:: Record set ::

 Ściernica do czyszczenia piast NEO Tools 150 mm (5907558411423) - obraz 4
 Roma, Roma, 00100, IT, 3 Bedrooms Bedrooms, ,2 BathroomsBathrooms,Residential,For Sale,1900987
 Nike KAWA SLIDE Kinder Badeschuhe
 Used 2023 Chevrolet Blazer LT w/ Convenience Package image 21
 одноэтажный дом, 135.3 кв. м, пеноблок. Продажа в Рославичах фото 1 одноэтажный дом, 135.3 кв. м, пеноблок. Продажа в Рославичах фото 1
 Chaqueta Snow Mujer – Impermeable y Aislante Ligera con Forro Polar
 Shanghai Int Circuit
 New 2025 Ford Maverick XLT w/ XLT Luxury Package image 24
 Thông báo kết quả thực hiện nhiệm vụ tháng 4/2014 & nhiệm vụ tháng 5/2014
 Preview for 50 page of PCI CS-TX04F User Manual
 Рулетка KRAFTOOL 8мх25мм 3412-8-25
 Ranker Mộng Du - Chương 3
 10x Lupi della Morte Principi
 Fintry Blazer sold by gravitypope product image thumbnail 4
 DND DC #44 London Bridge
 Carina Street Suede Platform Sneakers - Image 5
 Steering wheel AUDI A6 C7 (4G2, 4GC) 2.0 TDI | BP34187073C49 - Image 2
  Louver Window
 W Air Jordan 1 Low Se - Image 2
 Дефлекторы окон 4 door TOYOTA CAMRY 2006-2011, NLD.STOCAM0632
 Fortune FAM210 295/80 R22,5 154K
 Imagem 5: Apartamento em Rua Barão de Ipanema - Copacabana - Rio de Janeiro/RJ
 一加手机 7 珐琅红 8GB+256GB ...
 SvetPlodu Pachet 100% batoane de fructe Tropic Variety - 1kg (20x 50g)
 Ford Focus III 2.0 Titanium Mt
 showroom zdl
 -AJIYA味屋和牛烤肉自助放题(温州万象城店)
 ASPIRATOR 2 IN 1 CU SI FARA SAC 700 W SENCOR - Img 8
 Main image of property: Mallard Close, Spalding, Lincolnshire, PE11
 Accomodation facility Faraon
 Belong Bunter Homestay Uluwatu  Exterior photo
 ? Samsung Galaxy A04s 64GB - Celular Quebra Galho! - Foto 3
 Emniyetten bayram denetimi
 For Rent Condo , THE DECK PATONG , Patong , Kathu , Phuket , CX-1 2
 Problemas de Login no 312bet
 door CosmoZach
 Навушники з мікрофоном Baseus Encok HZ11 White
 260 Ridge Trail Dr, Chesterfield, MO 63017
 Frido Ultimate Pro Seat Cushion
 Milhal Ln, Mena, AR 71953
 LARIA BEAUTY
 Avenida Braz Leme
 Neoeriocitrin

:::

▸ Aim of the task: Top to bottom, set down the entries above word for word.

▸ Task output:
 Ściernica do czyszczenia piast NEO Tools 150 mm (5907558411423) - obraz 4
 Roma, Roma, 00100, IT, 3 Bedrooms Bedrooms, ,2 BathroomsBathrooms,Residential,For Sale,1900987
 Nike KAWA SLIDE Kinder Badeschuhe
 Used 2023 Chevrolet Blazer LT w/ Convenience Package image 21
 одноэтажный дом, 135.3 кв. м, пеноблок. Продажа в Рославичах фото 1 одноэтажный дом, 135.3 кв. м, пеноблок. Продажа в Рославичах фото 1
 Chaqueta Snow Mujer – Impermeable y Aislante Ligera con Forro Polar
 Shanghai Int Circuit
 New 2025 Ford Maverick XLT w/ XLT Luxury Package image 24
 Thông báo kết quả thực hiện nhiệm vụ tháng 4/2014 & nhiệm vụ tháng 5/2014
 Preview for 50 page of PCI CS-TX04F User Manual
 Рулетка KRAFTOOL 8мх25мм 3412-8-25
 Ranker Mộng Du - Chương 3
 10x Lupi della Morte Principi
 Fintry Blazer sold by gravitypope product image thumbnail 4
 DND DC #44 London Bridge
 Carina Street Suede Platform Sneakers - Image 5
 Steering wheel AUDI A6 C7 (4G2, 4GC) 2.0 TDI | BP34187073C49 - Image 2
  Louver Window
 W Air Jordan 1 Low Se - Image 2
 Дефлекторы окон 4 door TOYOTA CAMRY 2006-2011, NLD.STOCAM0632
 Fortune FAM210 295/80 R22,5 154K
 Imagem 5: Apartamento em Rua Barão de Ipanema - Copacabana - Rio de Janeiro/RJ
 一加手机 7 珐琅红 8GB+256GB ...
 SvetPlodu Pachet 100% batoane de fructe Tropic Variety - 1kg (20x 50g)
 Ford Focus III 2.0 Titanium Mt
 showroom zdl
 -AJIYA味屋和牛烤肉自助放题(温州万象城店)
 ASPIRATOR 2 IN 1 CU SI FARA SAC 700 W SENCOR - Img 8
 Main image of property: Mallard Close, Spalding, Lincolnshire, PE11
 Accomodation facility Faraon
 Belong Bunter Homestay Uluwatu  Exterior photo
 ? Samsung Galaxy A04s 64GB - Celular Quebra Galho! - Foto 3
 Emniyetten bayram denetimi
 For Rent Condo , THE DECK PATONG , Patong , Kathu , Phuket , CX-1 2
 Problemas de Login no 312bet
 door CosmoZach
 Навушники з мікрофоном Baseus Encok HZ11 White
 260 Ridge Trail Dr, Chesterfield, MO 63017
 Frido Ultimate Pro Seat Cushion
 Milhal Ln, Mena, AR 71953
 LARIA BEAUTY
 Avenida Braz Leme
 Neoeriocitrin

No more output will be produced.